» **Given information**
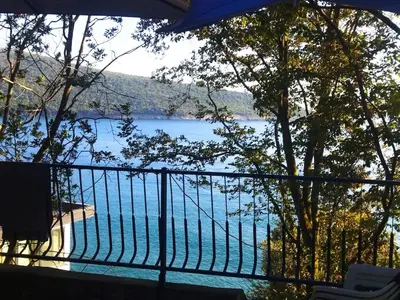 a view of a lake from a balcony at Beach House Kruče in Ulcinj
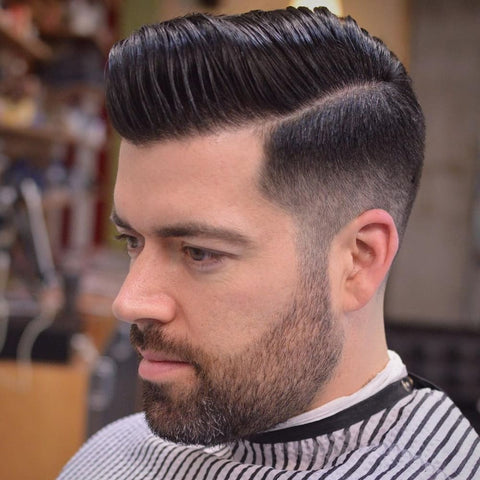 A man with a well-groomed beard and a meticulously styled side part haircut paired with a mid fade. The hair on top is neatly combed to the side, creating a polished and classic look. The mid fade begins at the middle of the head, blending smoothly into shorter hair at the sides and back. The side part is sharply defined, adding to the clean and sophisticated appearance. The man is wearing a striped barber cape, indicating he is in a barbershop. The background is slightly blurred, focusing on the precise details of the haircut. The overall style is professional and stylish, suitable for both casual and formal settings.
---
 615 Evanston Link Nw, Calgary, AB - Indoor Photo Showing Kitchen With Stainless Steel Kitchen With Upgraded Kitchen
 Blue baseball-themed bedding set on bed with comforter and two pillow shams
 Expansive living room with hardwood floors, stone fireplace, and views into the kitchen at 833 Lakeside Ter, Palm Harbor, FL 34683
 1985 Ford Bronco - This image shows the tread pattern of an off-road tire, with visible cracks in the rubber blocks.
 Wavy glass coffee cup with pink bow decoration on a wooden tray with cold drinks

» **What to produce**
Set down, exactly as they stand above, the lines starting with the line with "1985 Ford Bronco" and going on through the line with "Wavy glass coffee", and no others.

» **Exercise answer**
 1985 Ford Bronco - This image shows the tread pattern of an off-road tire, with visible cracks in the rubber blocks.
 Wavy glass coffee cup with pink bow decoration on a wooden tray with cold drinks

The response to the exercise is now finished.